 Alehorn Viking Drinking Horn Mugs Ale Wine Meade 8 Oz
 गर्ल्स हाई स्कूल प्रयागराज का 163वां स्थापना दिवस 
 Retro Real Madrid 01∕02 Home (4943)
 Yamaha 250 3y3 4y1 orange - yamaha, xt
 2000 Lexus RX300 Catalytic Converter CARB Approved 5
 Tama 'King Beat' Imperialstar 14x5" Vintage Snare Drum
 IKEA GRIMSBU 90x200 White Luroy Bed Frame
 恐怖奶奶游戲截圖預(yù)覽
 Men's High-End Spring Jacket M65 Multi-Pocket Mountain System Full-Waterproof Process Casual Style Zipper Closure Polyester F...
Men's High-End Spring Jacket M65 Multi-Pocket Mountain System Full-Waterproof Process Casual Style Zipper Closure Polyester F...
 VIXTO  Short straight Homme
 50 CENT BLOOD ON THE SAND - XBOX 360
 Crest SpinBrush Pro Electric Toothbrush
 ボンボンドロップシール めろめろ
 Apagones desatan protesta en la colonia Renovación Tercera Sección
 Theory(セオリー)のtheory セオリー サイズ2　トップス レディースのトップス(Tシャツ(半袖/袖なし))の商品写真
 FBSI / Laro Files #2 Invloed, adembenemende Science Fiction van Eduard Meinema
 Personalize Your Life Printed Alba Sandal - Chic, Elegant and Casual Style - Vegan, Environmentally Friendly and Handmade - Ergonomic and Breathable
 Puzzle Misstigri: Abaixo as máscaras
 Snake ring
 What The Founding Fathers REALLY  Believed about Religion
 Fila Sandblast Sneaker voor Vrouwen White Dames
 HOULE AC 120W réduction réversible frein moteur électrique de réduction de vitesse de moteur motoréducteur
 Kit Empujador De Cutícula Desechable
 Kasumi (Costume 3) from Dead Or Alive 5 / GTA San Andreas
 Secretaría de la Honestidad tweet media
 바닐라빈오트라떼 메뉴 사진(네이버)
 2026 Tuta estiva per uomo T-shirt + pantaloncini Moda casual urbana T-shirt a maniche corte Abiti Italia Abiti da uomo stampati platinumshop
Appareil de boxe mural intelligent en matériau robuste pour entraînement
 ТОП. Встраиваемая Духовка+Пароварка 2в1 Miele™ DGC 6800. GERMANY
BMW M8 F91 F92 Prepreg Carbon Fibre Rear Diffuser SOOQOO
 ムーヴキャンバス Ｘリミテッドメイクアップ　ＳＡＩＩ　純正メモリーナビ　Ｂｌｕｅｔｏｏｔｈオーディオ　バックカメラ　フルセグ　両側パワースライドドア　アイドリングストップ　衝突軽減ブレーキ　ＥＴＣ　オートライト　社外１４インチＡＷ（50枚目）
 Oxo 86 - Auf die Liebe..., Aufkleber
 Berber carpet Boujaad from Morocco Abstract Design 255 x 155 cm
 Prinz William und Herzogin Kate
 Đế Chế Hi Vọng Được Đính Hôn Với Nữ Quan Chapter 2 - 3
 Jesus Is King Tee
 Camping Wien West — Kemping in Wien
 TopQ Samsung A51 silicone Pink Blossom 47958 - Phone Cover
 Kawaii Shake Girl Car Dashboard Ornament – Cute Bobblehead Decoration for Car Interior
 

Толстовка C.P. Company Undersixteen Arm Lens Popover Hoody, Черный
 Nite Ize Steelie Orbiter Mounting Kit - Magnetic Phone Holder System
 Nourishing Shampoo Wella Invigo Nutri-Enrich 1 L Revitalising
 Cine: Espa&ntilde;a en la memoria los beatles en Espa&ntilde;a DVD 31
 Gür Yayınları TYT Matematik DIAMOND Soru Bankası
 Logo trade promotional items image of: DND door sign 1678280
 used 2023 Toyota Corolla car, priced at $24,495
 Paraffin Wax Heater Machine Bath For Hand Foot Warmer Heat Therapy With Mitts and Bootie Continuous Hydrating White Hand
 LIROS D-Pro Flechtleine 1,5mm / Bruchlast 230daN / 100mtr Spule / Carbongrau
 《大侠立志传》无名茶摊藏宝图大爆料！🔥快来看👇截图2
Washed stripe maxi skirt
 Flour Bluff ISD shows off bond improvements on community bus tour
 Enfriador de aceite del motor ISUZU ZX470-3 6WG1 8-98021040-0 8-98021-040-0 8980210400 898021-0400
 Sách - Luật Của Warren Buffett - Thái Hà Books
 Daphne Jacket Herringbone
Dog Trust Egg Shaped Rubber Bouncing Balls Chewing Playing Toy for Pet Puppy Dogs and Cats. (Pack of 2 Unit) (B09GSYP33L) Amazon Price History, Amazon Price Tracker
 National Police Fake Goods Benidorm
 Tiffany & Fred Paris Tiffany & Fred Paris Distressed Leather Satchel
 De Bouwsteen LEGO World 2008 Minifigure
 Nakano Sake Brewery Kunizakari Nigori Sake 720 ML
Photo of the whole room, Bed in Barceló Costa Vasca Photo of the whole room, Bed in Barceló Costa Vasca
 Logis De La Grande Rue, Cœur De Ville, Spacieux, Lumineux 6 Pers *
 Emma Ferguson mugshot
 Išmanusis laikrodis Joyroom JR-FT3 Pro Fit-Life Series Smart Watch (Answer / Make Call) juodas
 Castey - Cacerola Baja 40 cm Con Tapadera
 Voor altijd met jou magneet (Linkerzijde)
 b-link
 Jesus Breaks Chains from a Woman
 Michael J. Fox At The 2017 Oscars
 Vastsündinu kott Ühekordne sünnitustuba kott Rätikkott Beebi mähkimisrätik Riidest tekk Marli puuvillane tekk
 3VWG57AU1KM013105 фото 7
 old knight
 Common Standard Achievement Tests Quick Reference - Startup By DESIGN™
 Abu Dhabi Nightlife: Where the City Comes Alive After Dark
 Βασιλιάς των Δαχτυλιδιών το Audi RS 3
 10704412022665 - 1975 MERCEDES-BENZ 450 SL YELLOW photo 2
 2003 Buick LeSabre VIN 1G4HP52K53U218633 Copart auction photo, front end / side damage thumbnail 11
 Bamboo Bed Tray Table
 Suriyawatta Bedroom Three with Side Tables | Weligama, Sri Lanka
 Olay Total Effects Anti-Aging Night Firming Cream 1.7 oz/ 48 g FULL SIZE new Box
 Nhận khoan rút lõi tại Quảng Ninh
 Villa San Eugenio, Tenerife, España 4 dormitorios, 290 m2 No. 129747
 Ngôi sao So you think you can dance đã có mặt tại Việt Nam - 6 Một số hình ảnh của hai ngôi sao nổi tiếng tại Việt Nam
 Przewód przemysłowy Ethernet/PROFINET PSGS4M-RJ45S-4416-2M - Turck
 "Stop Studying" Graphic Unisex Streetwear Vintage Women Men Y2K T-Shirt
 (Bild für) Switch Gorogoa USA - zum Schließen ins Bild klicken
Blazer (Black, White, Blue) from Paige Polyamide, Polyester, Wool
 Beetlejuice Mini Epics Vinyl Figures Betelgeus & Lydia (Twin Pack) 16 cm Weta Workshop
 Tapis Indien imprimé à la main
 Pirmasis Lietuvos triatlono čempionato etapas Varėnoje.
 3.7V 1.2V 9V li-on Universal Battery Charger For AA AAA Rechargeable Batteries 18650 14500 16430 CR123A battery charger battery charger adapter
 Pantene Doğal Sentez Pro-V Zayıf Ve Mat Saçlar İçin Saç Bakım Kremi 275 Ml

********

### WHAT IS NEEDED
Once you have read the listing, retype it in full, word for word.

### OUTPUT BELOW
 Alehorn Viking Drinking Horn Mugs Ale Wine Meade 8 Oz
 गर्ल्स हाई स्कूल प्रयागराज का 163वां स्थापना दिवस 
 Retro Real Madrid 01∕02 Home (4943)
 Yamaha 250 3y3 4y1 orange - yamaha, xt
 2000 Lexus RX300 Catalytic Converter CARB Approved 5
 Tama 'King Beat' Imperialstar 14x5" Vintage Snare Drum
 IKEA GRIMSBU 90x200 White Luroy Bed Frame
 恐怖奶奶游戲截圖預(yù)覽
 Men's High-End Spring Jacket M65 Multi-Pocket Mountain System Full-Waterproof Process Casual Style Zipper Closure Polyester F...
Men's High-End Spring Jacket M65 Multi-Pocket Mountain System Full-Waterproof Process Casual Style Zipper Closure Polyester F...
 VIXTO  Short straight Homme
 50 CENT BLOOD ON THE SAND - XBOX 360
 Crest SpinBrush Pro Electric Toothbrush
 ボンボンドロップシール めろめろ
 Apagones desatan protesta en la colonia Renovación Tercera Sección
 Theory(セオリー)のtheory セオリー サイズ2　トップス レディースのトップス(Tシャツ(半袖/袖なし))の商品写真
 FBSI / Laro Files #2 Invloed, adembenemende Science Fiction van Eduard Meinema
 Personalize Your Life Printed Alba Sandal - Chic, Elegant and Casual Style - Vegan, Environmentally Friendly and Handmade - Ergonomic and Breathable
 Puzzle Misstigri: Abaixo as máscaras
 Snake ring
 What The Founding Fathers REALLY  Believed about Religion
 Fila Sandblast Sneaker voor Vrouwen White Dames
 HOULE AC 120W réduction réversible frein moteur électrique de réduction de vitesse de moteur motoréducteur
 Kit Empujador De Cutícula Desechable
 Kasumi (Costume 3) from Dead Or Alive 5 / GTA San Andreas
 Secretaría de la Honestidad tweet media
 바닐라빈오트라떼 메뉴 사진(네이버)
 2026 Tuta estiva per uomo T-shirt + pantaloncini Moda casual urbana T-shirt a maniche corte Abiti Italia Abiti da uomo stampati platinumshop
Appareil de boxe mural intelligent en matériau robuste pour entraînement
 ТОП. Встраиваемая Духовка+Пароварка 2в1 Miele™ DGC 6800. GERMANY
BMW M8 F91 F92 Prepreg Carbon Fibre Rear Diffuser SOOQOO
 ムーヴキャンバス Ｘリミテッドメイクアップ　ＳＡＩＩ　純正メモリーナビ　Ｂｌｕｅｔｏｏｔｈオーディオ　バックカメラ　フルセグ　両側パワースライドドア　アイドリングストップ　衝突軽減ブレーキ　ＥＴＣ　オートライト　社外１４インチＡＷ（50枚目）
 Oxo 86 - Auf die Liebe..., Aufkleber
 Berber carpet Boujaad from Morocco Abstract Design 255 x 155 cm
 Prinz William und Herzogin Kate
 Đế Chế Hi Vọng Được Đính Hôn Với Nữ Quan Chapter 2 - 3
 Jesus Is King Tee
 Camping Wien West — Kemping in Wien
 TopQ Samsung A51 silicone Pink Blossom 47958 - Phone Cover
 Kawaii Shake Girl Car Dashboard Ornament – Cute Bobblehead Decoration for Car Interior
 

Толстовка C.P. Company Undersixteen Arm Lens Popover Hoody, Черный
 Nite Ize Steelie Orbiter Mounting Kit - Magnetic Phone Holder System
 Nourishing Shampoo Wella Invigo Nutri-Enrich 1 L Revitalising
 Cine: Espa&ntilde;a en la memoria los beatles en Espa&ntilde;a DVD 31
 Gür Yayınları TYT Matematik DIAMOND Soru Bankası
 Logo trade promotional items image of: DND door sign 1678280
 used 2023 Toyota Corolla car, priced at $24,495
 Paraffin Wax Heater Machine Bath For Hand Foot Warmer Heat Therapy With Mitts and Bootie Continuous Hydrating White Hand
 LIROS D-Pro Flechtleine 1,5mm / Bruchlast 230daN / 100mtr Spule / Carbongrau
 《大侠立志传》无名茶摊藏宝图大爆料！🔥快来看👇截图2
Washed stripe maxi skirt
 Flour Bluff ISD shows off bond improvements on community bus tour
 Enfriador de aceite del motor ISUZU ZX470-3 6WG1 8-98021040-0 8-98021-040-0 8980210400 898021-0400
 Sách - Luật Của Warren Buffett - Thái Hà Books
 Daphne Jacket Herringbone
Dog Trust Egg Shaped Rubber Bouncing Balls Chewing Playing Toy for Pet Puppy Dogs and Cats. (Pack of 2 Unit) (B09GSYP33L) Amazon Price History, Amazon Price Tracker
 National Police Fake Goods Benidorm
 Tiffany & Fred Paris Tiffany & Fred Paris Distressed Leather Satchel
 De Bouwsteen LEGO World 2008 Minifigure
 Nakano Sake Brewery Kunizakari Nigori Sake 720 ML
Photo of the whole room, Bed in Barceló Costa Vasca Photo of the whole room, Bed in Barceló Costa Vasca
 Logis De La Grande Rue, Cœur De Ville, Spacieux, Lumineux 6 Pers *
 Emma Ferguson mugshot
 Išmanusis laikrodis Joyroom JR-FT3 Pro Fit-Life Series Smart Watch (Answer / Make Call) juodas
 Castey - Cacerola Baja 40 cm Con Tapadera
 Voor altijd met jou magneet (Linkerzijde)
 b-link
 Jesus Breaks Chains from a Woman
 Michael J. Fox At The 2017 Oscars
 Vastsündinu kott Ühekordne sünnitustuba kott Rätikkott Beebi mähkimisrätik Riidest tekk Marli puuvillane tekk
 3VWG57AU1KM013105 фото 7
 old knight
 Common Standard Achievement Tests Quick Reference - Startup By DESIGN™
 Abu Dhabi Nightlife: Where the City Comes Alive After Dark
 Βασιλιάς των Δαχτυλιδιών το Audi RS 3
 10704412022665 - 1975 MERCEDES-BENZ 450 SL YELLOW photo 2
 2003 Buick LeSabre VIN 1G4HP52K53U218633 Copart auction photo, front end / side damage thumbnail 11
 Bamboo Bed Tray Table
 Suriyawatta Bedroom Three with Side Tables | Weligama, Sri Lanka
 Olay Total Effects Anti-Aging Night Firming Cream 1.7 oz/ 48 g FULL SIZE new Box
 Nhận khoan rút lõi tại Quảng Ninh
 Villa San Eugenio, Tenerife, España 4 dormitorios, 290 m2 No. 129747
 Ngôi sao So you think you can dance đã có mặt tại Việt Nam - 6 Một số hình ảnh của hai ngôi sao nổi tiếng tại Việt Nam
 Przewód przemysłowy Ethernet/PROFINET PSGS4M-RJ45S-4416-2M - Turck
 "Stop Studying" Graphic Unisex Streetwear Vintage Women Men Y2K T-Shirt
 (Bild für) Switch Gorogoa USA - zum Schließen ins Bild klicken
Blazer (Black, White, Blue) from Paige Polyamide, Polyester, Wool
 Beetlejuice Mini Epics Vinyl Figures Betelgeus & Lydia (Twin Pack) 16 cm Weta Workshop
 Tapis Indien imprimé à la main
 Pirmasis Lietuvos triatlono čempionato etapas Varėnoje.
 3.7V 1.2V 9V li-on Universal Battery Charger For AA AAA Rechargeable Batteries 18650 14500 16430 CR123A battery charger battery charger adapter
 Pantene Doğal Sentez Pro-V Zayıf Ve Mat Saçlar İçin Saç Bakım Kremi 275 Ml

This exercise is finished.